This week has been full of noise; I spent the weekend away with the family and a lovely Sunday with my significant other. It was a moment of silence, a break from school and work and all the crazy campus life. And then I came back… and the negative vibes began to set in, noisy and rowdy and crowding my thoughts. I tried to focus on the positive, like the wonderful weekend I had just had, or that I would see my friends at school again. But all week, I felt shafted to the side. It was a series of me attempting to do something, anything, and then having it shot down somehow.
I tried diving into school, but to no avail. I tried focusing more on writing, but it all came out like crap. It wasn’t until the middle of the week that I found a moment to get my mind right. I rolled out my yoga mat, laid out a blanket, and sat down with my eyes closed. I finally found a moment, five minutes of my day to clear out the noise, both in my head and out. It was a moment of acceptance for everything around me, and a reminder that I am the only person who can change my perspective, and that I really can only control what I do at the end of each day.

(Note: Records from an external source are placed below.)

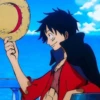 Luffy 16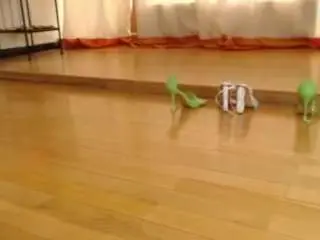 Camsoda Watch Live Sex Cams of mystres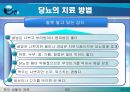 당뇨병에 대한 PPT - 당뇨병이란 당뇨병의 원인, 종류, 진단과 검사, 증상, 당뇨병의 3대증상, 당뇨병의 합병증, 당뇨병의 관리 24페이지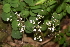  (Saxifraga hirsuta - EDNA23-0064692)  @11 [ ] CreativeCommons - Attribution Share-Alike (2023) Jose Ignacio Marquez Corro Royal Botanic Gardens, Kew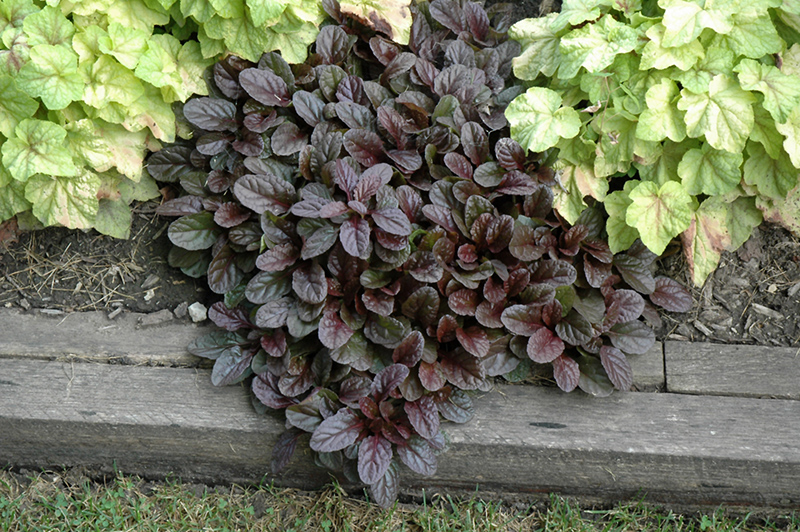 Ajuga, Bugle, Bugleweed, Carpet Bugle Mahogany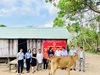 Trưởng Ban Dân vận Tỉnh ủy Phạm Thị Tố Hải tặng bò cho hộ nghèo tại...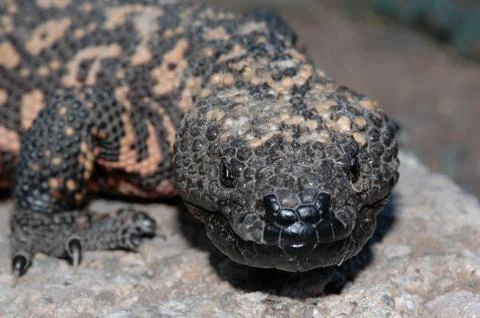 Grumpy The Gila Stock Photos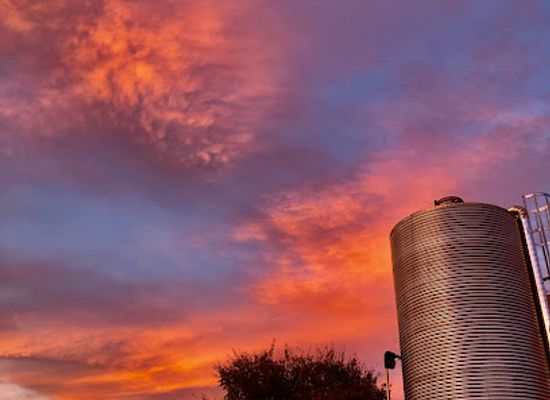 arizona/chandler/landmark/pedal-haus-brewery
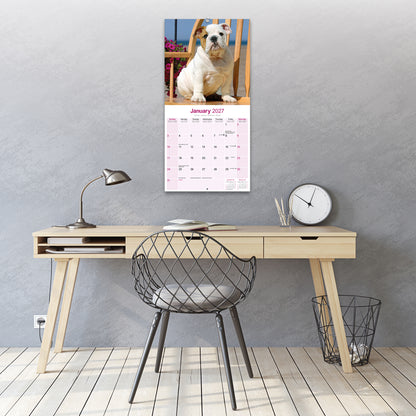 Bulldog Wall Calendar 2027
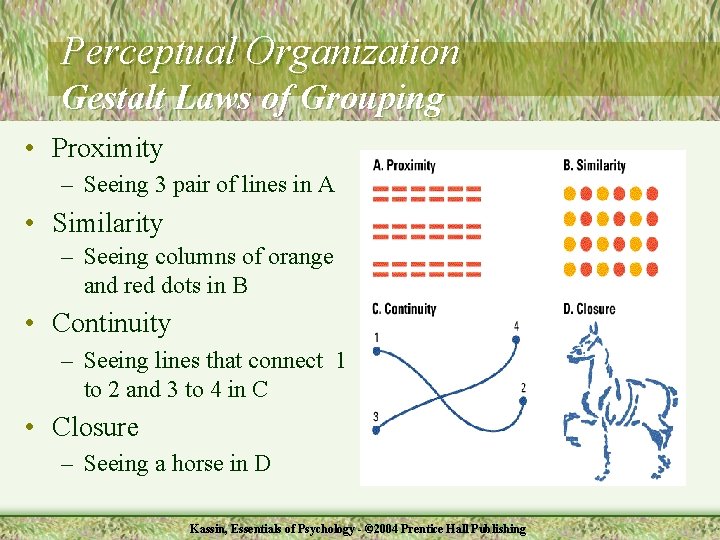 Perceptual Organization Gestalt Laws of Grouping • Proximity – Seeing 3 pair of lines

I think that being a resident assistant has helped; just now, I finished seven hours of active duty. It is 2AM, and I get to roll out of bed in six hours for an awesome conference. This job is challenging in more ways than one, but it has taught me many things, including patience and focus when its chaos all around me. This is so important in our lives, no matter what it is we do. If everything is falling apart, or moving too fast, or all up in your face, you have to be able to take a step back mentally and find patience and focus. Worry and anger will not help you, not ever. They are barriers to solutions.
With patience, and a tired good night.